Magnetic Levitation, What is it?
Posted on May 3, 2017 by Marina Daniella Reyes
It is often said that opposites attract. Using that old adage then it would be expected that the things which are the same should repel each other and that’s where magnet levitation is possible. It means exactly what it says, levitation via magnetism, where one magnet or a metal object is held suspended above another.
How is that possible?
To understand magnetic levitation one must first understand what a magnet is. Magnets are any material that generates a magnetic field. This field has the ability to interact with other material considered magnetic. On a molecular level these materials generate said field from the alignment of their electrons. Non-magnetic items have electrons that spin randomly, but should they all start to spin in the same direction this energy generates a force termed as magnetism. This field can attract or repel other objects possessing the same characteristics.
Magnets themselves can be grouped into three, permanent, natural and electronic. Natural magnets are called ferromagnetic and have a fixed electron arrangement. Electro-magnetism occurs when an electronic current is passed through the material making its electrons align to create magnetic force. This does not have to be a fixed state. Permanent magnets can be either natural or man-made. All natural magnets are permanent, however some materials once magnetized via electronic means retain the necessary electron alignment.

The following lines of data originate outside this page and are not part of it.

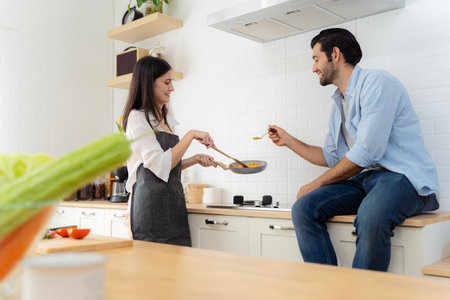 The man was tasting the food his girlfriend made for breakfast. A young couple in love having fun while preparing a breakfast together on a beautiful morning. Cooking, together, kitchen, relationship.の写真素材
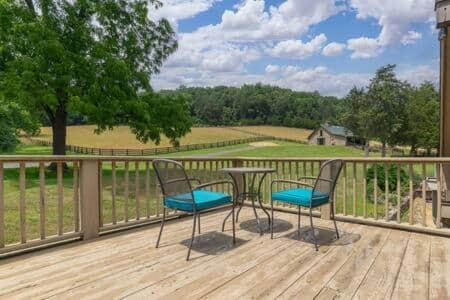 a patio with two chairs and a table on a deck at The Loft at Springhouse farm in Lexington
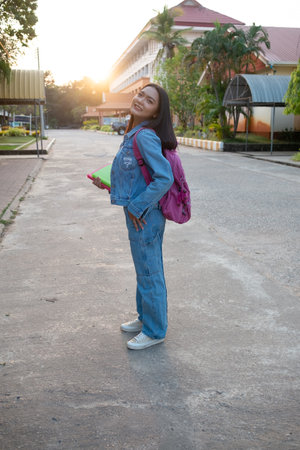 Happy young girl hold book with backpack walking at school.の写真素材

Not a magic trick magnetic levitation
The process of magnetic levitation is firmly based in the rules of physics. The magnetic field is created with concentrations of electrical alignment, positive and negative, known as poles. The polarities of the fields determine how they interact with like fields, for example positive and positive, repel each other and opposite poles, positive against negative, attract. The other side of the magnetism is the elements that respond to these magnetic forces. Ferromagnetic materials are strongly attracted to both the positive and negative fields, and paramagnetic substances react weakly.

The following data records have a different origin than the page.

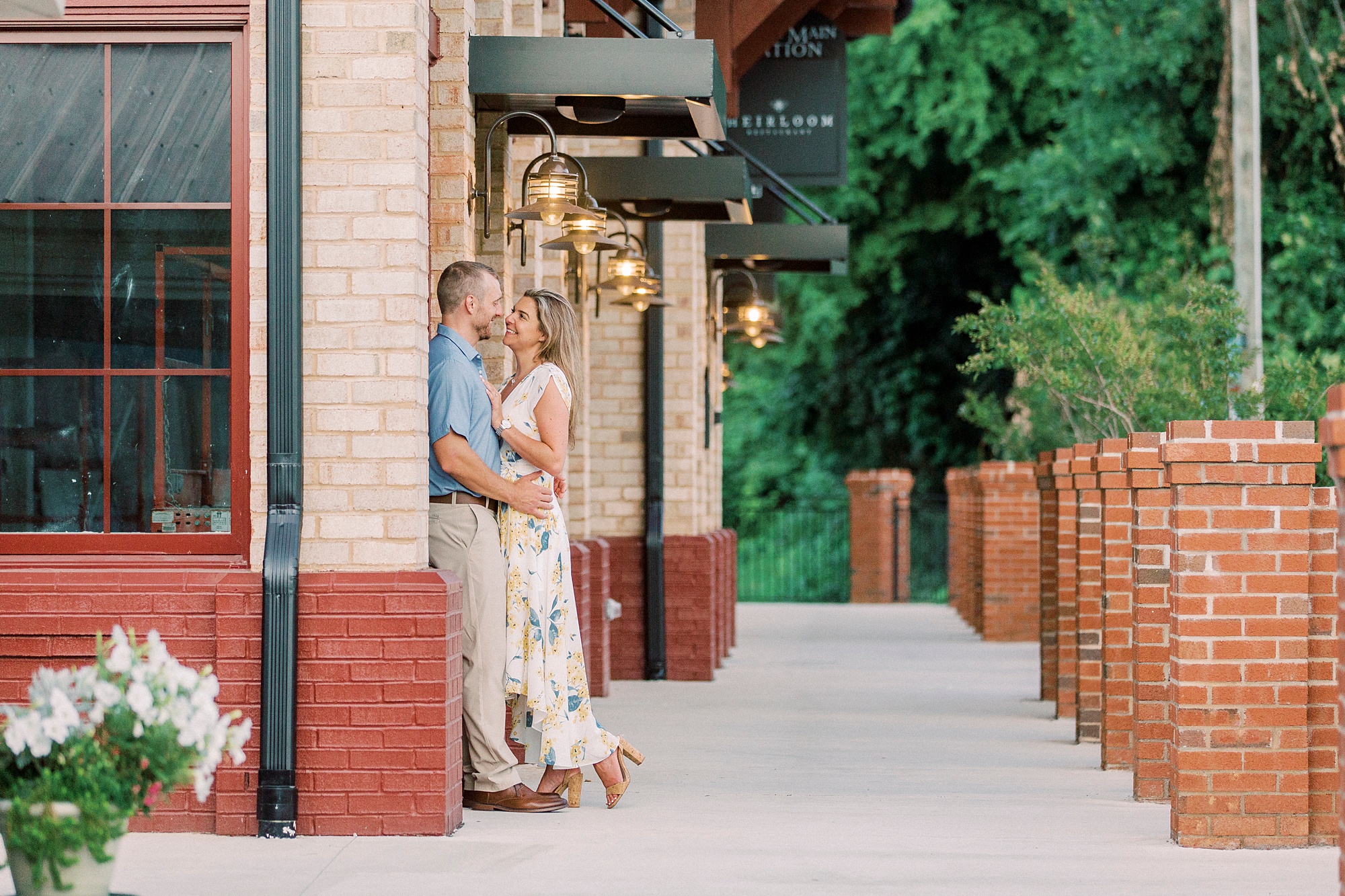 bride and groom lean against restaurant in Downtown Belmont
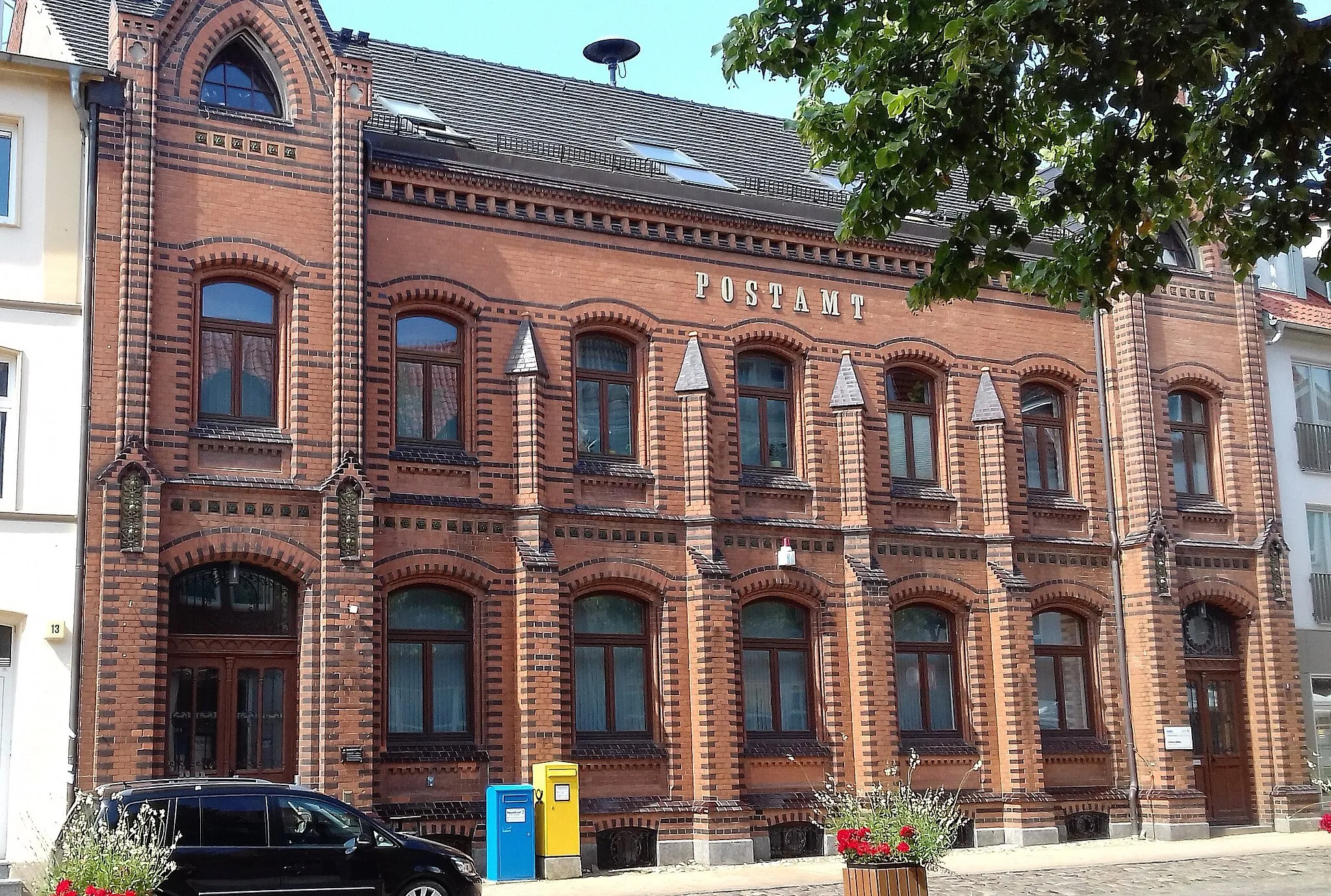 Photo showing: Das zweigeschössige Backsteingebäude aus roten Klinkern wurde von 1882 bis 1886 als "Kaiserliches Postamt" im Stil der Postgotik erbaut. Die Straßenfront wird durch glasierte Ziegel geprägt, die beiden Eingangsbereiche weisen Dreiecksgiebel auf, welche mit Risaliten bekrönt sind. 1969 erfolgten die Modernisierung der Schalterhalle und der Einbau der Fenster. 1994/96 wurden das Dach und die Fassade saniert sowie 1998 die Schalterhalle nochmals umgestaltet.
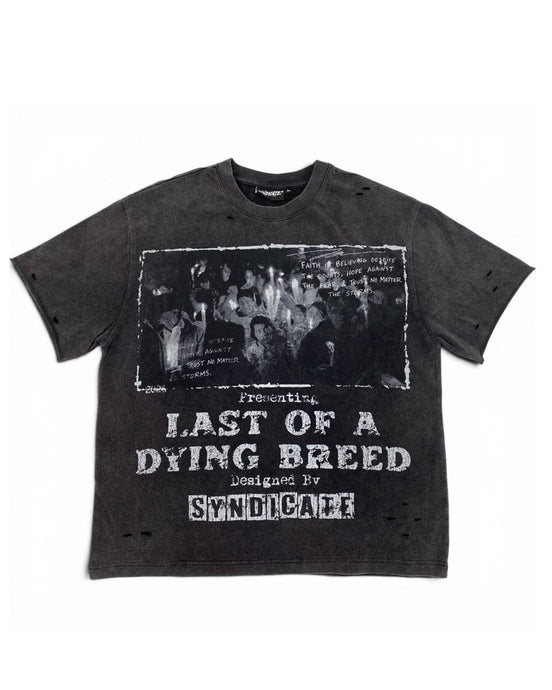A dark gray washed graphic t-shirt featuring a black-and-white band photo and distressed white text reading 'Presenting Last of a Dying Breed' and 'Designed by Syndicare'.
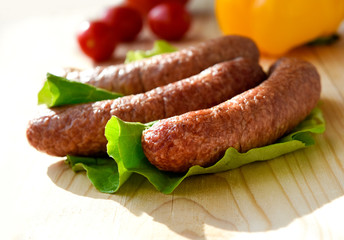 sausage and vegetables served on a wooden board for copy space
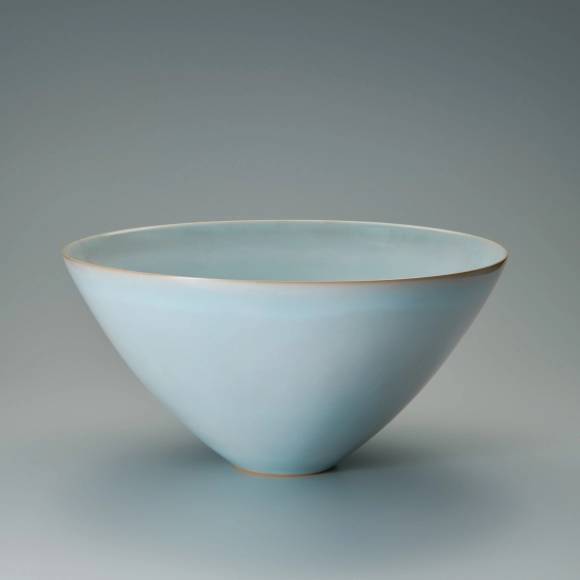 Bowl with pale blue glaze.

Logic would then indicate the basic operation of magnetic levitation, trapping one of these materials within the magnetic fields of opposing polarity. This dual magnet levitation takes a small piece of ferromagnetic or paramagnetic substance placed between magnets above and below. The magnetically charged opposite fields cancel out the natural push and pull behavior thus keeping the object suspended untethered.

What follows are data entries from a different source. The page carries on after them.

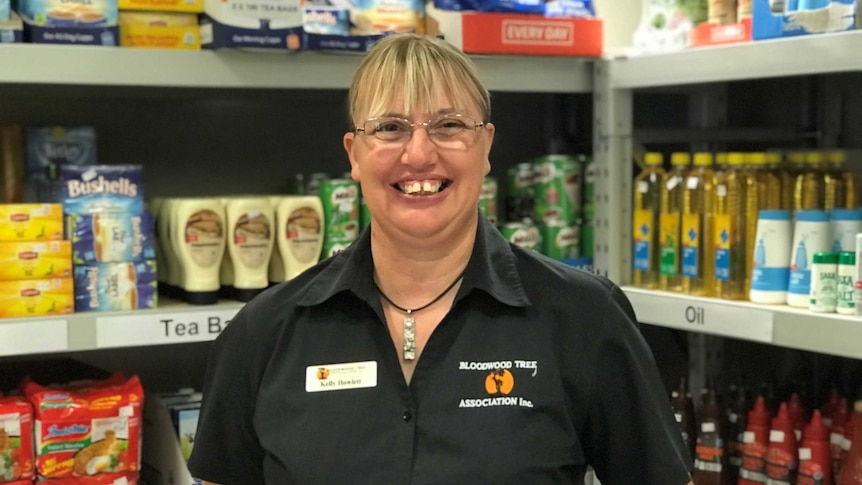 Blonde woman in dark uniform shirt smiles to camera in front of shelves stacked with provisions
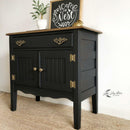 A small vintage buffet cabinet refurbished by Lilly Moon Vintage features Dixie Belle's Anchor Silk All-In-One Mineral Paint.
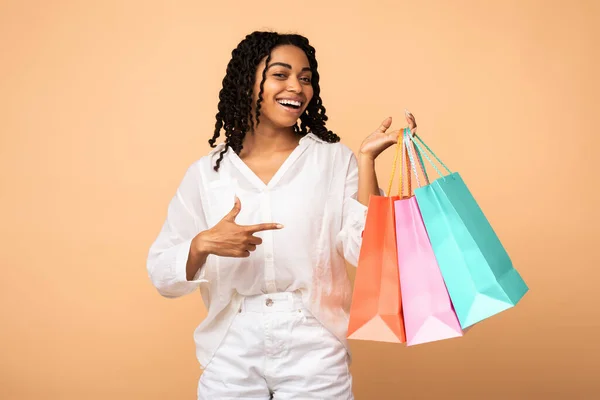 Africano shopaholic ragazza mostra shopper borse in piedi oltre beige sfondo — Foto Stock
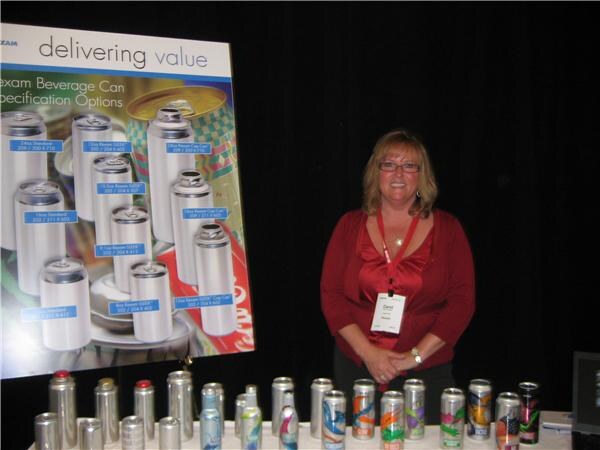 A woman in a red top with a lanyard stands beside a Rexam beverage can specification poster, with a row of aluminum cans and bottles on the table in front.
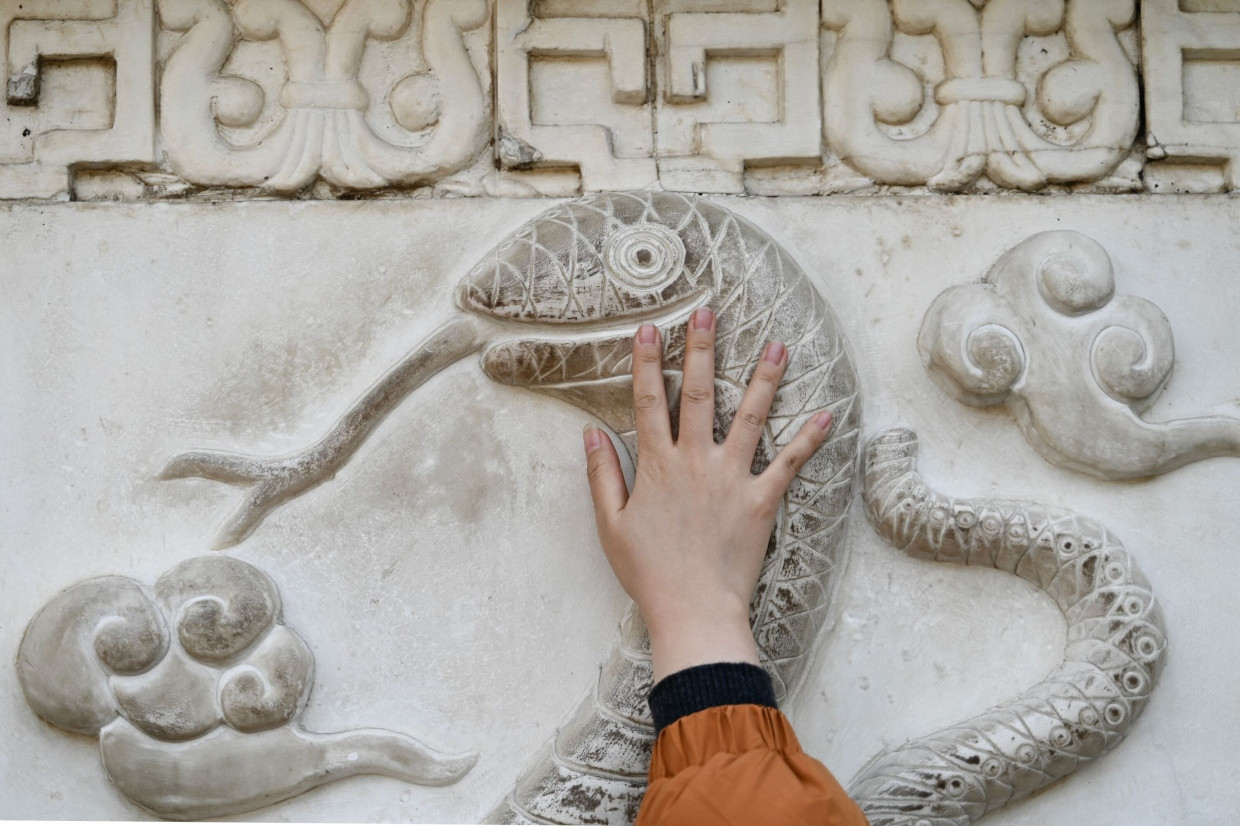 Ein Mann berührt die Schlangenfigur auf der Steinmauer, die Tiere im chinesischen Tierkreis darstellt, im taoistischen Baiyun-Tempel, auch bekannt als der Tempel der Weißen Wolken in Peking.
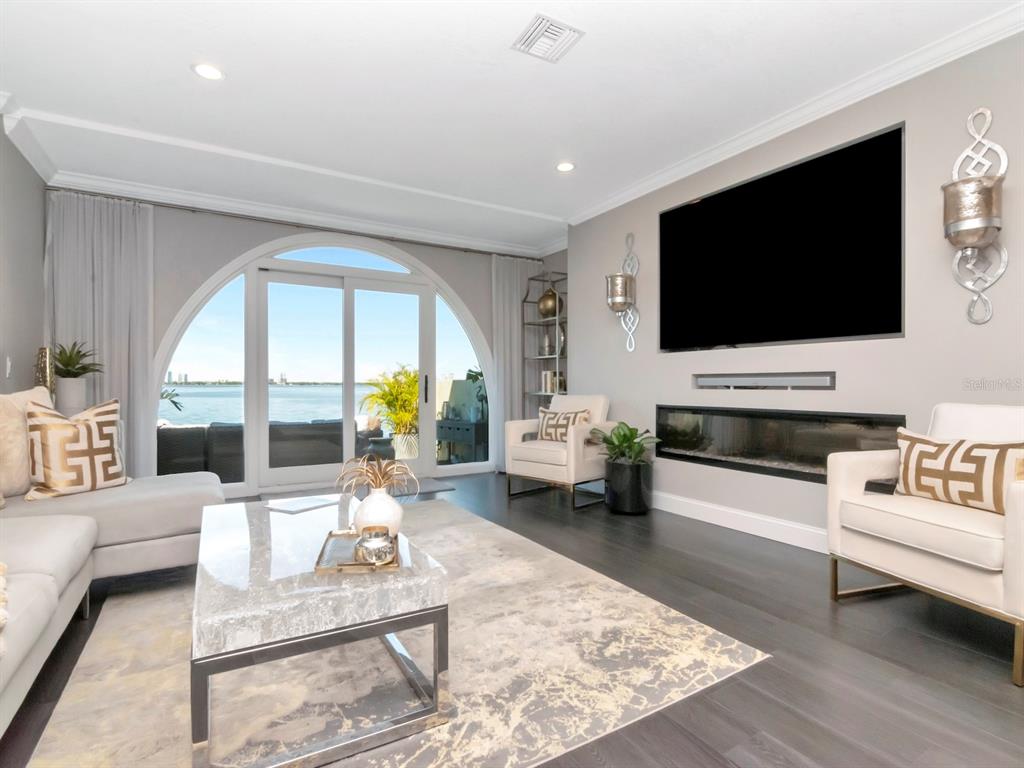 2807 West Hawthorne Road, Unit 11 Tampa, FL 33611 - Photo 19 of 76 a living room with furniture and a flat screen tv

It doesn’t end it there. Magnetic levitation can be performed with a single magnet, a more amazing display over the dual field process. This is based on several bits of physics theorem starting with diamagnetics. These substances adhere to Lenz’s law and exhibit the Meisser effect, by resisting the change being made to them by external magnet fields. This translates into a something that is repelled by both the positive and negative attraction forces of a magnet. That repulsion is caused by mirror magnet fields created within the diamagnet itself. This key property is why diamagnets are called ‘anti-magnets’ in the physics business. As the force is being countered on both poles of the external object, given the right circumstances, will cause it to push away suspending it above the diamagnet creating the levitation.